# SWF Terrible for caps!! Help!



## Slimboy16 (Jan 16, 2018)

Ok, I have a Single head SWF machine and all I do is hats.
SWF might be good for flats but hats it has a really tough time doing them like REALLY tough time, should've bought the Barudan but that's a different topic.
My problem with the SWF is that It cant seem to be able to stitch about half inch from the brim and I've seen other machines do it with out any problems. Everytime it gets close to the half inch from brim the thread frays and breaks, EVERY TIME!.
I will post a video of this later. Any suggestions? I cant go higher because i use logos at about 2.125" any taller than that and the arm where the needle plate sits starts pushing the hat from under, which distorts the log and thats another problem for a different topic.
Bottom line SFW has me less than impress or maybe is just me the operator, over all quality is ok. Anyone outhere doing hats with an SFW that has some tips??? HELP!


----------



## digidana (Jun 20, 2016)

we have an swf and it does great on caps. i'm full-time digitizer, but my husband runs the machine. he says to make sure you're pulling the headband thing out...make sure you're not sewing on it. 

i can tell you that having a design digitized for caps makes all the difference as well. 
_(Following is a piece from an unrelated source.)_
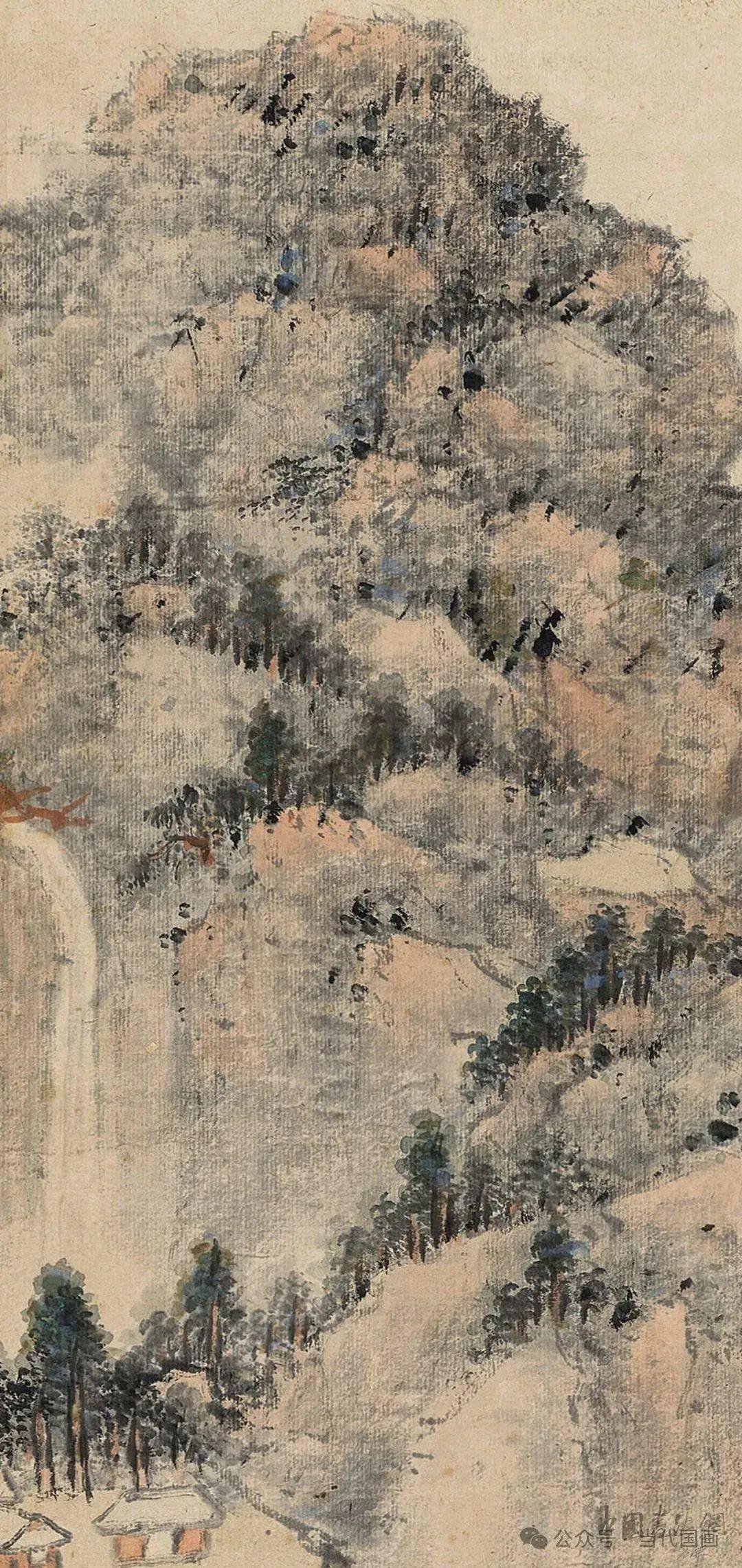 萧俊贤《松柏长春图》_作品_国画_创作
if you want to do the video, i'll have it watch it and see what he thinks. if you want to send me the file, i can tell you if i see anything un-cap-worthy.


----------



## learner (Dec 27, 2009)

in my barudan elite pro i can go 2.55" on caps.


----------



## binki (Jul 16, 2006)

You really have to pull them tight but yes, SWF is difficult with hats.


----------



## waderain (Jan 31, 2011)

sounds like your cap frame driver is set to high. Put a cap hoop on the machine with no hat and look to see how much gap there is between the cap frame and the arm. The cap hoop should lay level with the arm and there should be very little gap between the arm and the driver. I'm not positive on SWF machines but you should be able to adjust the driver up and down. It's usually a bar that the driver rolls on underneath the arm you can adjust up and down.


----------



## Biverson (Oct 20, 2014)

Are you also switching out your needle plate to the wide-holed one? When I had my SWFs that helped. What's your speed? Needle? 80/12 sharps are pretty tough. I couldn't go any faster than 700 on caps, sometimes as slow as 550. I have a Barudan and can go 900 all day on 75/11 BPs on any type of hat pretty much. 


Sent from my iPhone using Tapatalk


----------



## Slimboy16 (Jan 16, 2018)

Really??? Nice! I can barely do 2.25" on a tall crown hat sometimes.


----------



## Slimboy16 (Jan 16, 2018)

I usually dont go over 550 on hats,maybe 600 on simple designs sometimes. If Barudan can do 900 on a hat, thats what im talking about. Currently saving to buy one and sell the SWF.


----------



## Slimboy16 (Jan 16, 2018)

Thank you, I will post the video. Please let me know if you see something that I'm not seeing. It frustrates me that it cant get close to the brim. I know we have to stay about half inch away, it should be able to do it without me putting my finger on the hat to push it down. thank you.


----------



## EmbroidTek1 (Sep 27, 2016)

There is a few tricks to do caps on SWF. IMO the quick change driver if you have one is not that great. What series is the machine? I ran some caps today at 1000 SPM but not on a SWF and I can go to 2.25 tall.

It helps on a SWF if you walk the machine some. Hold the start button and let the needle come down slow to tack it down for a few stitches then let go of start.


----------



## Slimboy16 (Jan 16, 2018)

I did not know I could walk the machine by just by keep pressing the the start button. Im going to try it. 
I'veonly had the machine for about 4 months, still learning.Thanks


----------



## MinderSue22 (9 mo ago)

I do have a question about SWF and cap embroidery... Is the needle plate designed to be reversible... meaning, can I take the screws out on the under side of the needle plate, flip the needle hole upside so the nipple is right side up and put the screws back in and then embroider on a cap. My machine came with the cap driver kit but not an extra needle plate.

Thanks 
M


----------



## binki (Jul 16, 2006)

MinderSue22 said:


> I do have a question about SWF and cap embroidery... Is the needle plate designed to be reversible... meaning, can I take the screws out on the under side of the needle plate, flip the needle hole upside so the nipple is right side up and put the screws back in and then embroider on a cap. My machine came with the cap driver kit but not an extra needle plate.
> 
> Thanks
> M


You should have a second needle plate.


----------